§ Instructions to follow:
Below is a listing; print exactly its lines from the one containing "Rare Vintage Y2K" down to the one containing "OSCAR ALIBI EAU", both inclusive, with every picture left out.

§ Dataset extract:
○ ○ ○ ○ ○ ○ ○
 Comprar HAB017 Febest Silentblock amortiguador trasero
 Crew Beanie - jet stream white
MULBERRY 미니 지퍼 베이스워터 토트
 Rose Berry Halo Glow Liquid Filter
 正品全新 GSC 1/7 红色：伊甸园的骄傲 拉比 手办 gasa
○ ○ ○ ○ ○ ○ ○
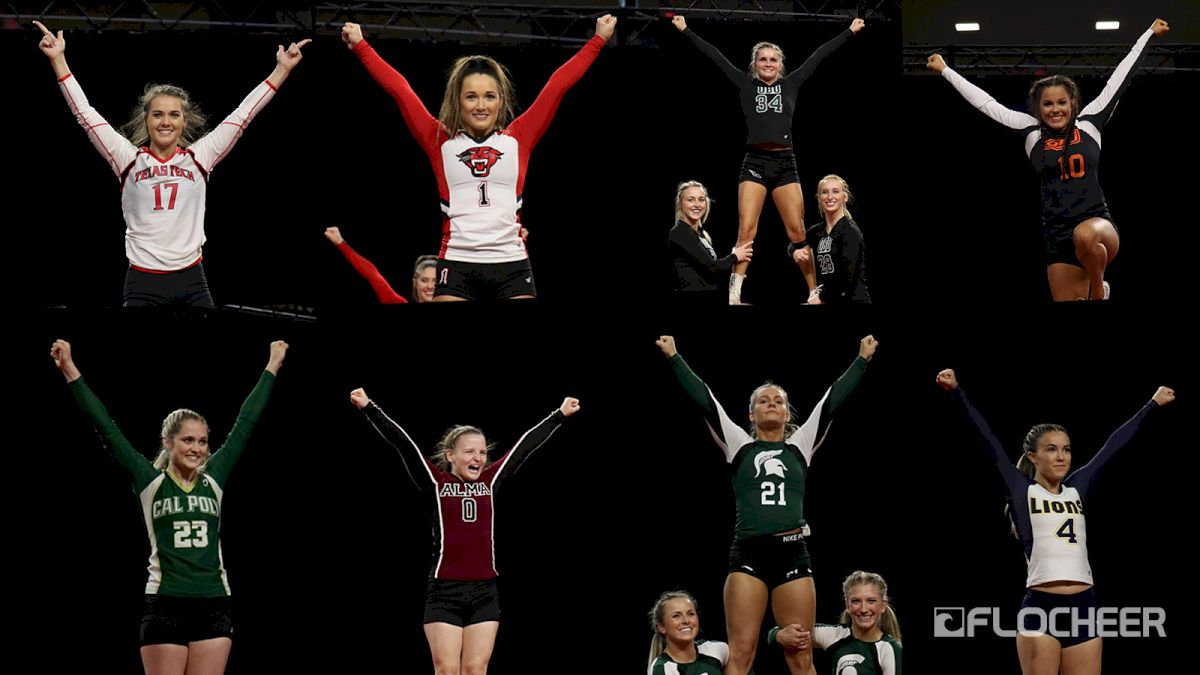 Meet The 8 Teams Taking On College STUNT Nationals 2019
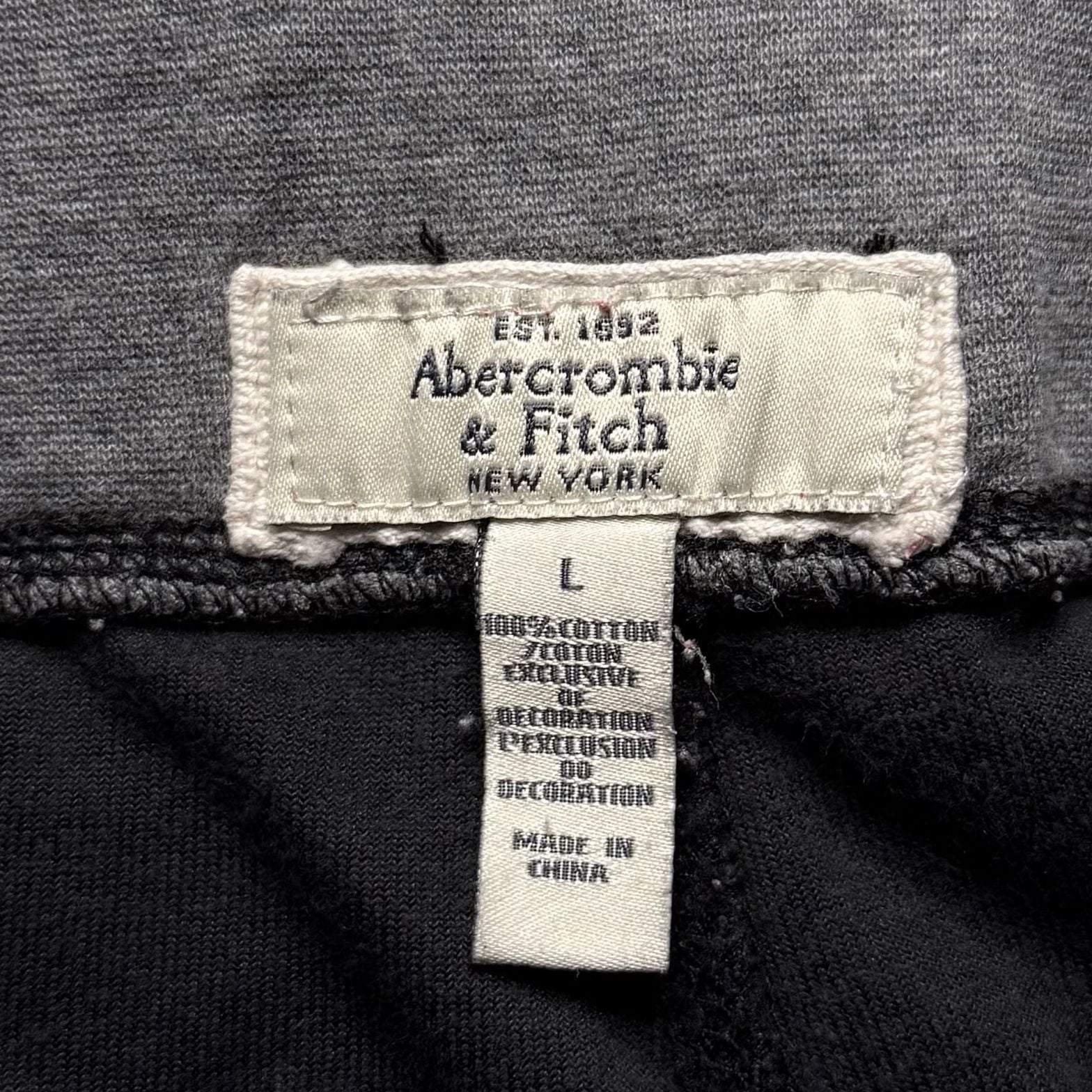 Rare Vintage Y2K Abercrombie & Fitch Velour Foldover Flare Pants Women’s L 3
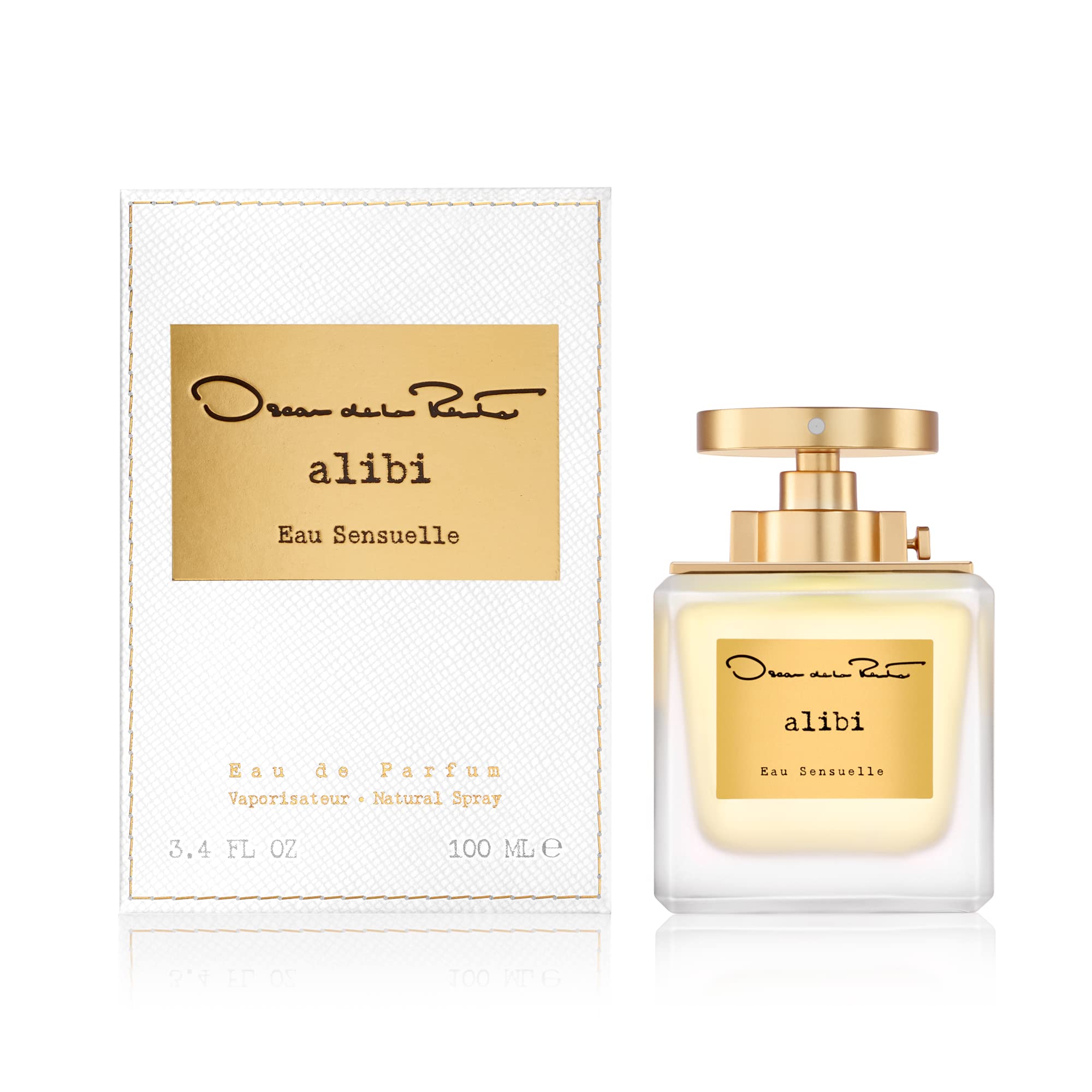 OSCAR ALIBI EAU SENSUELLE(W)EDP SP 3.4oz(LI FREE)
○ ○ ○ ○ ○ ○ ○
§ Result:
 Rare Vintage Y2K Abercrombie & Fitch Velour Foldover Flare Pants Women’s L 3
 OSCAR ALIBI EAU SENSUELLE(W)EDP SP 3.4oz(LI FREE)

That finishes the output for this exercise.